What are the challenges that we are trying to solve?
What ideas do we have for how to address these challenges?
How do these ideas break down into…
1. Already existing OCI specs?
2. A new project (CNCF or OCI)
Questions?
What pre-existing work or software can support these ideas?
Relevant OCI Issues

What are the challenges that we are trying to solve?

The spec assumes (but does not state) that the container implementation tracks containers somehow and has a notion of containers as persistent entities beyond their process lifetime.

However, because a valid view of containers is that they are simply processes with their own view of certain kernel processes, it’s possible and legitimate to create a runtime (like Charliecloud) that sets up a container and then replaces itself with the containerized user process, with no further tracking. Notably:

This user process can spawn children and even re-parented daemons, just like any other UNIX process. That is, knowing its PID does not let you find all the processes in the namespace or even whether the namespace has any processes in it.
Namespaces also have IDs. This ID cannot be used to directly access the namespace, but it can be used to check if a given process is in a given namespace (via symlinks in /proc/$PID/ns). So in principle one could test container emptiness via an exhaustive search of /proc. I do not know if this is reliable, and it’s a lot of stat(2) calls.

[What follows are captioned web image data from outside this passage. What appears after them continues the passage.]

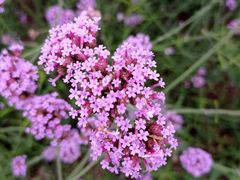 -江苏三台山国家森林公园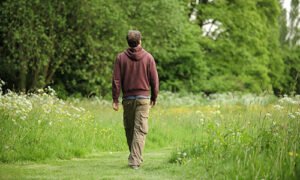 A man walking on a path near trees and wildflowers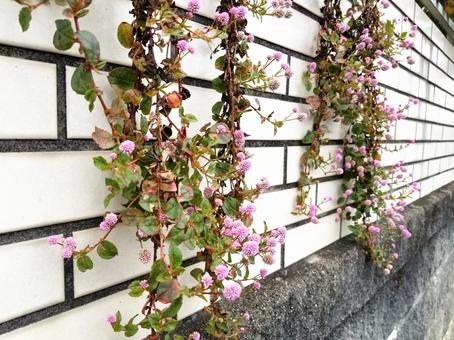 姫ツルソバの花 ヒメツルソバ,花,ピンク色の写真素材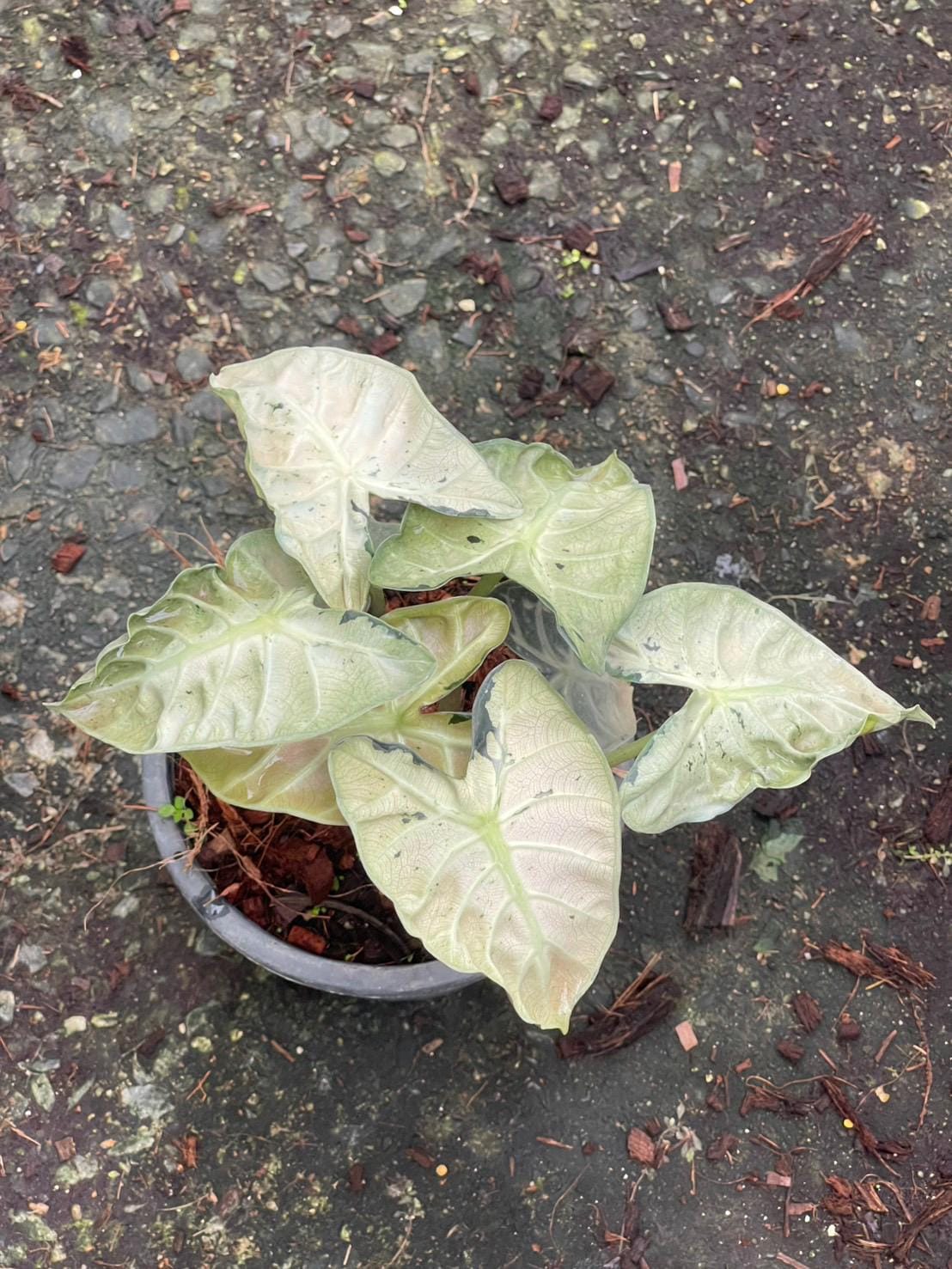 アロカシア ハートバルーン ピンク 斑入り Heart Balloon var. アロカシア ハートバルーン ピンク 斑入り Heart Balloon var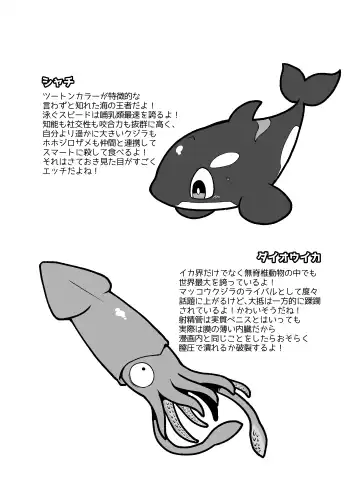 [Kageyama] Umi no Ikimono Zukan Fhentai - Page 23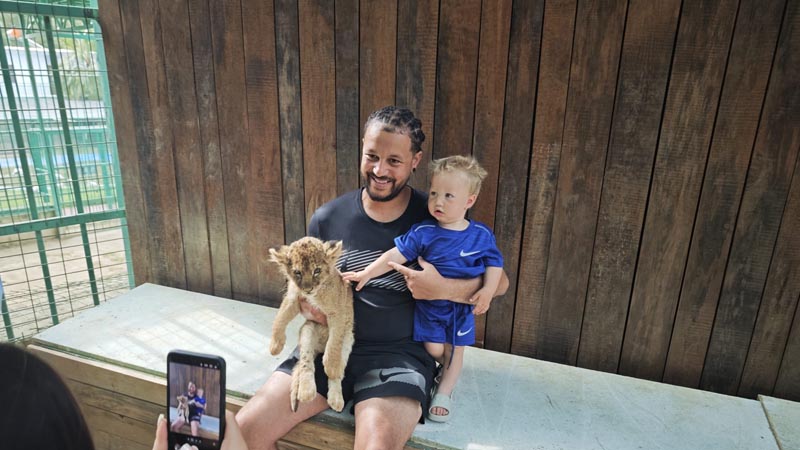 side baby-lions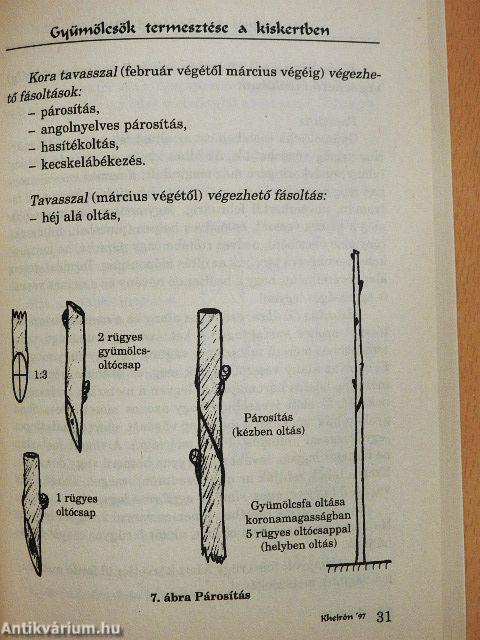 Gyümölcsök termesztése a kiskertben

(Details and subtleties on how containers work, related to this, in Minimizing privilege for building HPC containers, by Priedhorsky, Canon, Randles and Younge.)

What ideas do we have for how to address these challenges?

Brainstorming (this needs more thinking & feedback):

At least one of:
- Allow the runtime to reassign container IDs. This could be the user process PID / namespace ID (though see caveats above), or perhaps the bundle path.
- Provide the bundle path on every lifecycle command (currently it only comes with create).
Let the runtime store things in the bundle directory.
Let create be a no-op, with the prestart, createRuntime, and createContainer hooks invoked during start. (Currently the spec requires implementations to have a pause after create waiting for start, which isn’t needed and Charliecloud does not.)
Let kill be a no-op, because the runtime might not know which processes to kill.
Let delete (and the poststop hooks) be a no-op, because the runtime might not know what processes are in the container.
Allow a status unknown for runtimes that don’t track containers.
Don’t assume anything about the process structure of the runtime, including whether any runtime process will be persistent or available. For example, ch-run-oci(1) keeps a process that literally does nothing so that it can return the process ID to Buildah, which checks that the process is running.

How do these ideas break down into…

Already existing OCI specs?

A new project (CNCF or OCI)

Questions?

What pre-existing work or software can support these ideas?

Kludges to make Charliecloud’s ch-run(1) work as an OCI runtime for Buildah can be examined in the ch-run-oci(1) source code, documentation, and implementation notes.